Cada día, cuando conseguía desembarazarse de la mona del anterior, se dirigía al pueblo a pedir limosna; de camino, agarraba las malvas, margaritas, amapolas y jaramagos, que encontraba a su paso, y hacía un ramo grande y abigarrado que ponía en el altar de La Aurora, luego, se sentaba en la puerta, colocaba con cuidado su gorra abierta cual mano suplicante y esperaba que se fuera llenando con las monedas que los transeúntes dejaban caer sin aflojar el paso.
Así transcurría su vida: de limosna en limosna: dádivas que le permitían comprar una botella de vino peleón, que tragaba con ansia desmedida, casi de un sorbo; de curda en curda: montaña rusa que lo lanzaba del cielo al abismo, de las risas a las lágrimas, según el momento… según el día.


AMARILLO


Aquellos bodoques verdes, que dibujaban en una imitación puntillista las colinas de la Sierra, bordados con picos y azadas y regados con sudor, crecieron y se engarzaron entre sí para tejer líneas rectas, surcos paralelos que peinaban el campo. Los carriles, antes vacíos, se convirtieron en caminos llenos de braceros que, cargados con cestas, despojaban a las cepas de sus frutos. El ir y venir de remolques era constante; se paraban un momento y los hombres, protegidos del sol con grandes sombreros de paja, halaban las cestas con sus fuertes brazos y volcaban en el cajón los racimos. En el lagar todo era algarabía: ruidos de motores, de máquinas, charlas constantes, gritos, órdenes, risas… Tanto bullicio presagiaba una buena cosecha.

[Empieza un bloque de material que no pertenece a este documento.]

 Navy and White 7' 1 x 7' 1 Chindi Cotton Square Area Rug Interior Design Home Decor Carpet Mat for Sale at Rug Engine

El otoño se adentraba, y con él, el cielo cambiaba su tono descolorido por otro más brillante y más limpio; el aire, hasta hacía tan poco, pesado y tórrido, se volvía fresco y dejaba a su paso algún escalofrío; la luz tan blanca que lindaba en lo delirante, se volvía más dorada y más tenue; y las vides cambiaban su color verde por un tono amarillento que avisaba del fin del ciclo: la naturaleza seguía su curso y en pocas semanas el jade sería topacio y las hojas comenzarían a caerse formando una alfombra amarilla que cubriría, hasta borrarlos, los surcos que ahora rayaban sin piedad la tierra.

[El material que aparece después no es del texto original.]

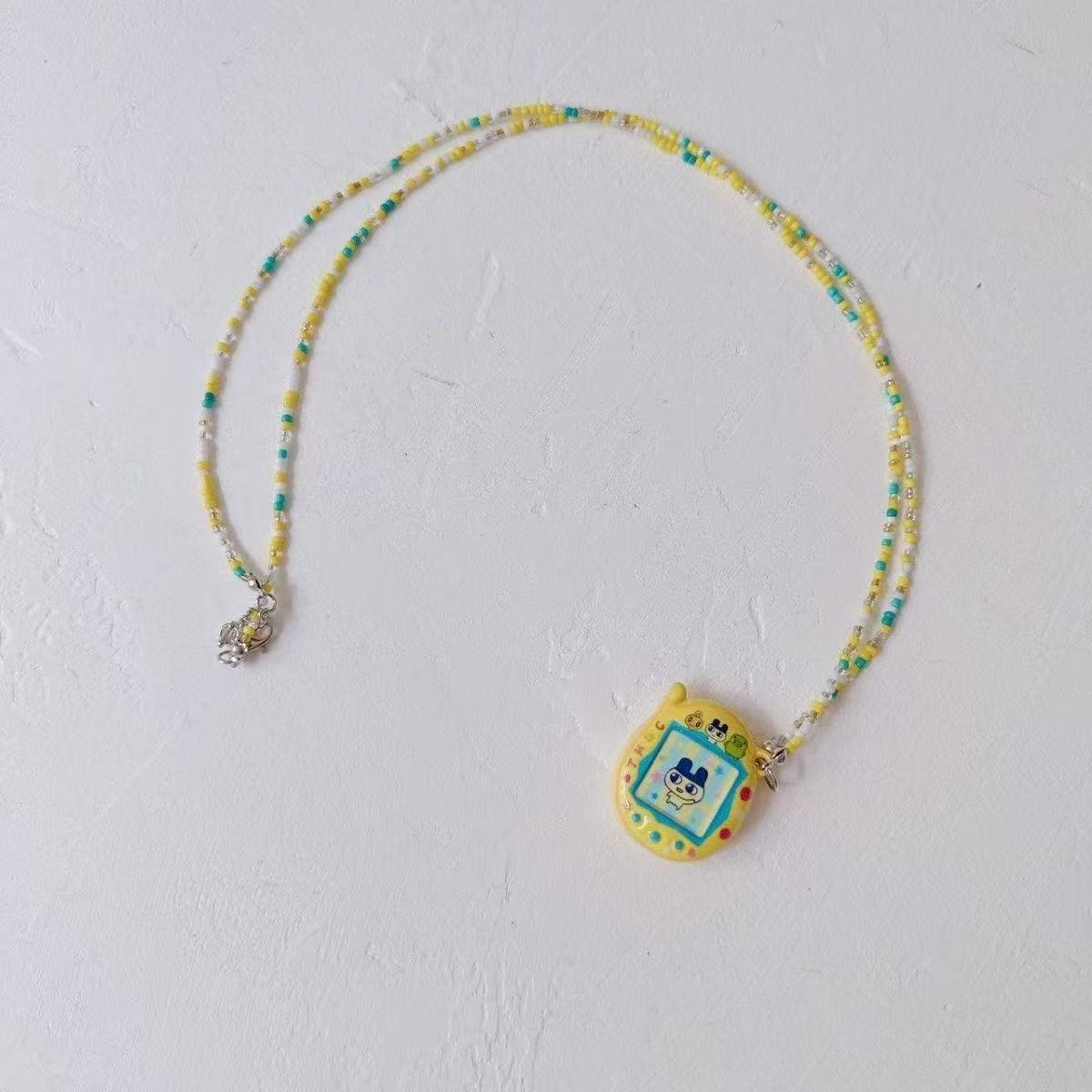 Japanese Tamagotchi Beaded Necklace Clavicle Chain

El Pelanas disfrutaba de los últimos días de vendimia corriendo de acá para allá, saludando sin rubor a unos y otros, y soportaba impertérrito las bromas que grandes y chicos le lanzaban a diario: ¡Pelanas, cuerpo a tierra!... y el hombre se lanzaba al suelo haciéndose el muerto, o rodando por él como croqueta emborrizándose. ¡Pelanas, baila!... y allá iba el bufón bailaor marcándose unos taconeos con sus desportilladas alpargatas.

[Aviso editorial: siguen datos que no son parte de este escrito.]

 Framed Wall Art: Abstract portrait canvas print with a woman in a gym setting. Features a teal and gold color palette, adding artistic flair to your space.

Los festivos días de la feria de otoño fueron gloriosos para él: todo era juerga, diversión, locura y borrachera: una borrachera permanente a la que no dio tregua ni un solo instante; estar bebido era su estado natural, así no se enteraba del paso del tiempo ni de la mala vida que llevaba, no percibía las quejas de su hambriento estómago ni se percataba de la ruina de sus ropas o, de lo más grave: esa soledad que era todo su presente y, tristemente, su único futuro. Bebió y bebió sin parar durante toda una semana alojado en un delirio permanente, que le evitó reconocer la llegada del invierno.

MARRON OSCURO… CASI NEGRO

El invierno había abierto la puerta al silencio. La Serrezuela estaba callada: lejos quedaban los agitados días del verano plenos de vida y de sonidos. La Serrezuela estaba abatida: la profusa vegetación del verano había desaparecido y aquellos bodoques llenos de esperanza, habían quedado reducidos a la cepa pura: leño retorcido de un marrón tan oscuro que casi se diría, negro. Lunares negros: de nuevo la tierra se vestía de gitana, pero de gitana luctuosa, de gitana llorosa, compungida y triste, lorquiana.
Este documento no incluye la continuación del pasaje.